EXERCISE PROMPT: For this exercise, output the entries below exactly from the line that holds "kitchen featuring white" to the line that holds "Bokeh di fondo", both ends included. No pictures belong in the copy.

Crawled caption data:

....

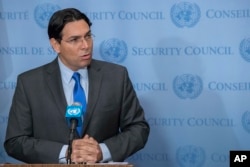 Israel's Ambassador Danny Danon speaks to reporters outside the Security Council chambers, July 24, 2017 at United Nations headquarters.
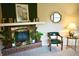 Living room featuring a brick fireplace, plants, and comfortable seating at 7780 Cree Trl, Indianapolis, IN 46250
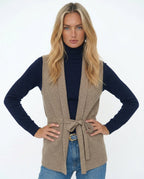 Belted sleeveless knit vest in camel.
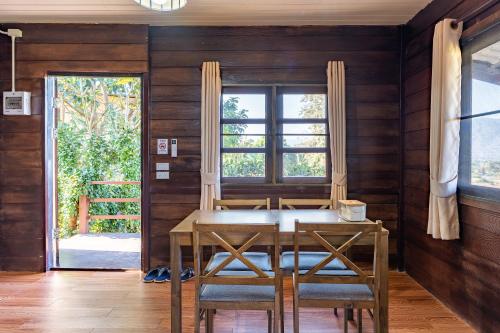 a dining room with a table and two windows at PATTA Hideaway Chiang Dao in Chiang Dao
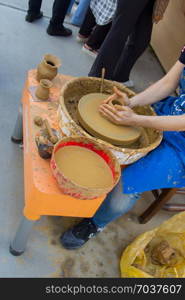 Potter`s hands shaping up the clay of the pot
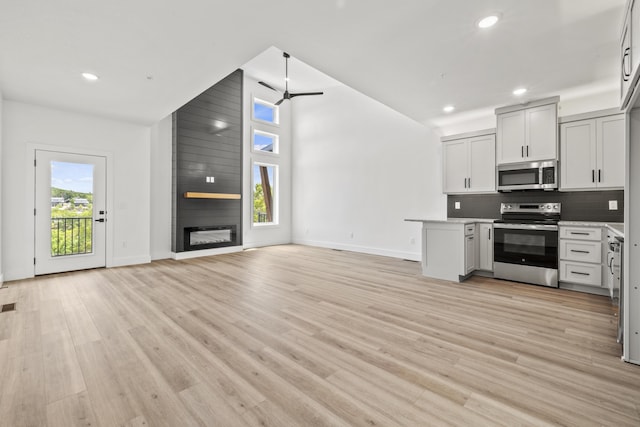 kitchen featuring white cabinetry, appliances with stainless steel finishes, tasteful backsplash, light wood-type flooring, and a fireplace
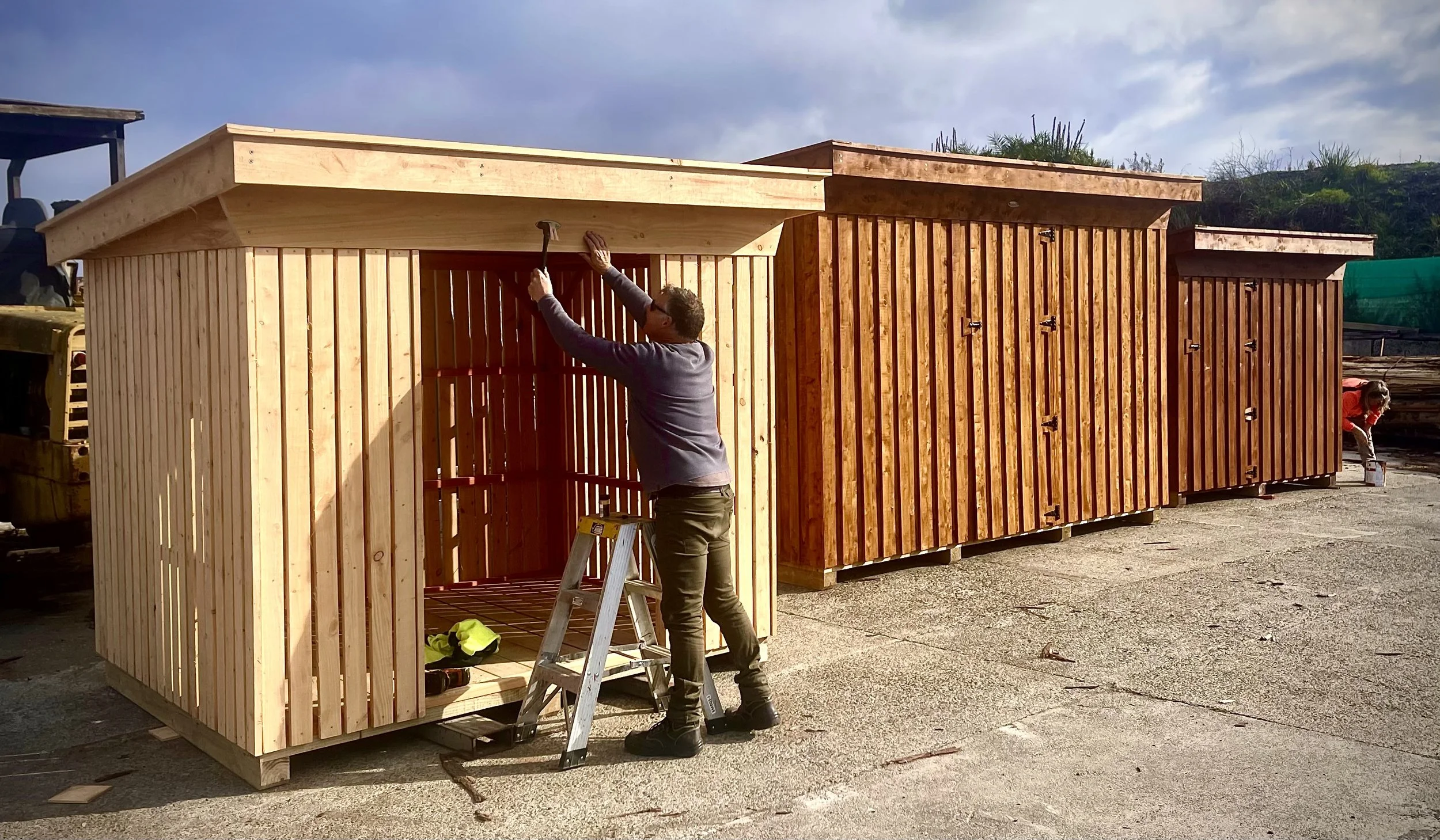 Putting the finishing touch on the firewood shed.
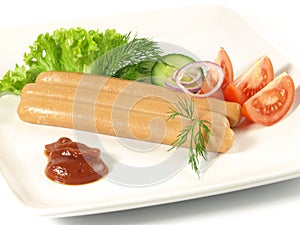 Frankfurters with ketchup and vegetables photo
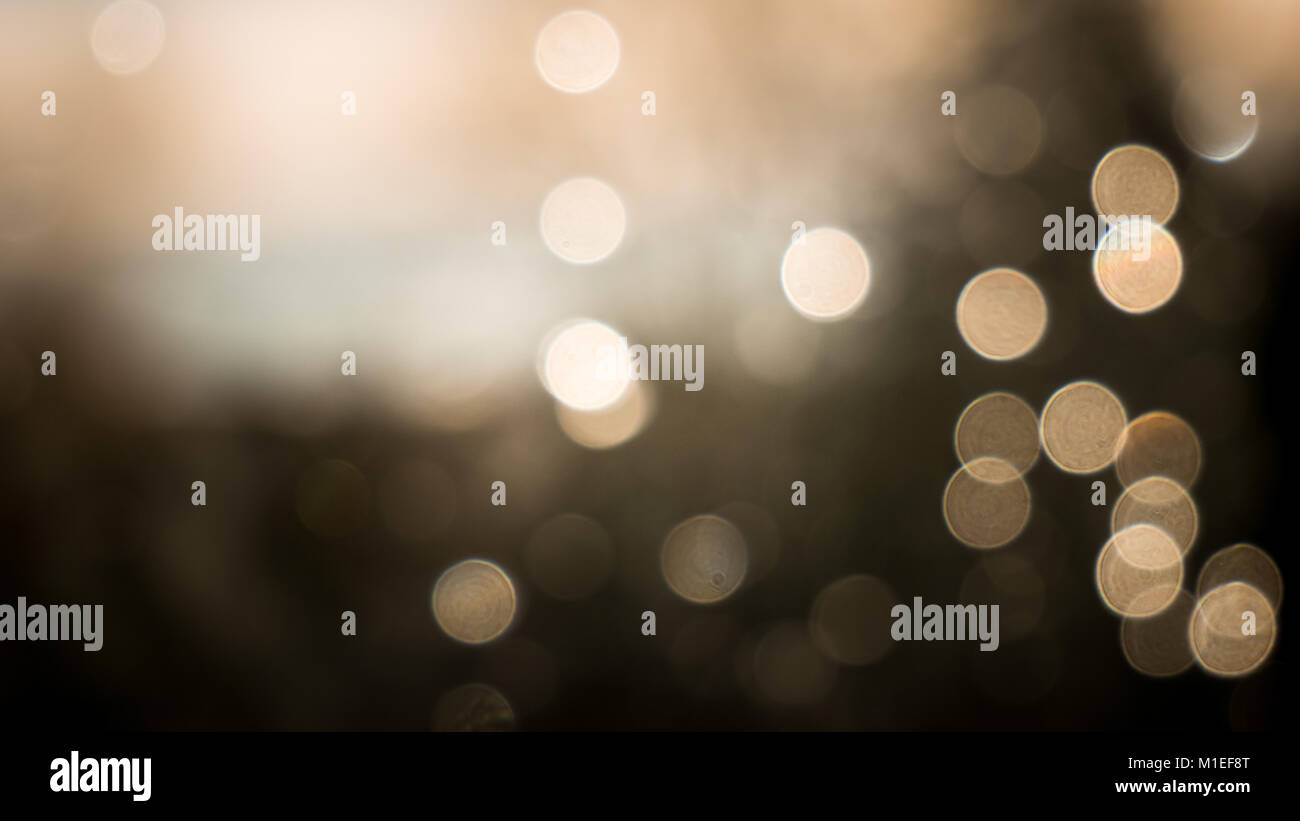 Bokeh di fondo per effetto delle gocce di pioggia su una finestra. Color seppia per dare ad esso un aspetto festoso. Foto Stock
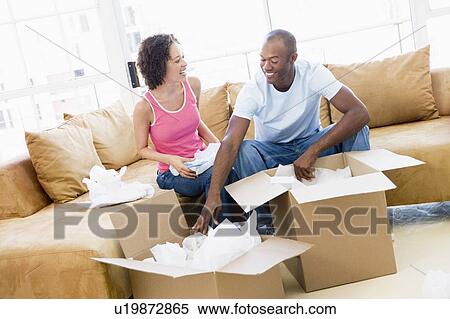 Stock Photography - Couple unpacking boxes in new home smiling. Fotosearch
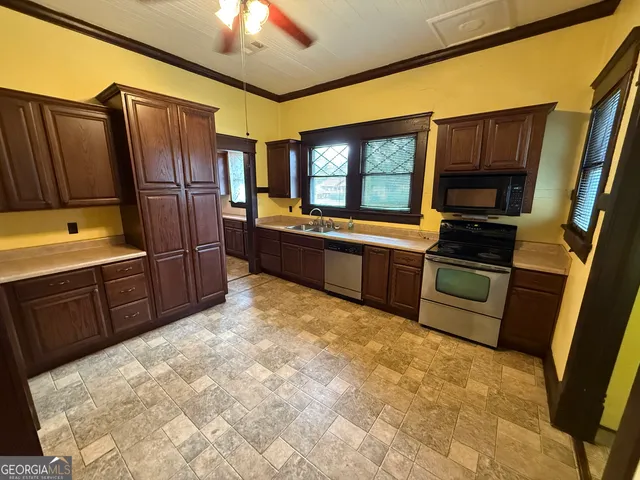 a kitchen with stainless steel appliances granite countertop a refrigerator and a stove top oven
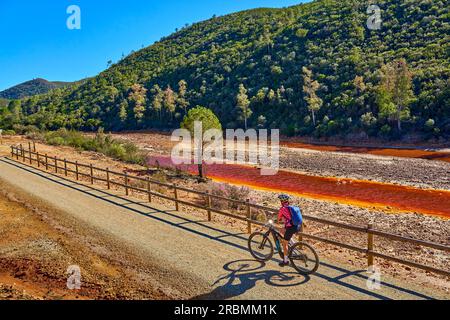 Belle femme avec vélo de montagne électrique sur un tour à vélo le long de la rivière Rio Tinto avec son eau rouge naturelle en Andalousie, Espagne Banque D'Images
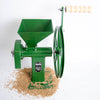 Green hand-crank grain mill with sturdy cast iron body and wooden handle, surrounded by whole grains, ideal for kitchen, farm, and emergency food supplies.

....

RESULT:
 kitchen featuring white cabinetry, appliances with stainless steel finishes, tasteful backsplash, light wood-type flooring, and a fireplace
 Putting the finishing touch on the firewood shed.
 Frankfurters with ketchup and vegetables photo
 Bokeh di fondo per effetto delle gocce di pioggia su una finestra. Color seppia per dare ad esso un aspetto festoso. Foto Stock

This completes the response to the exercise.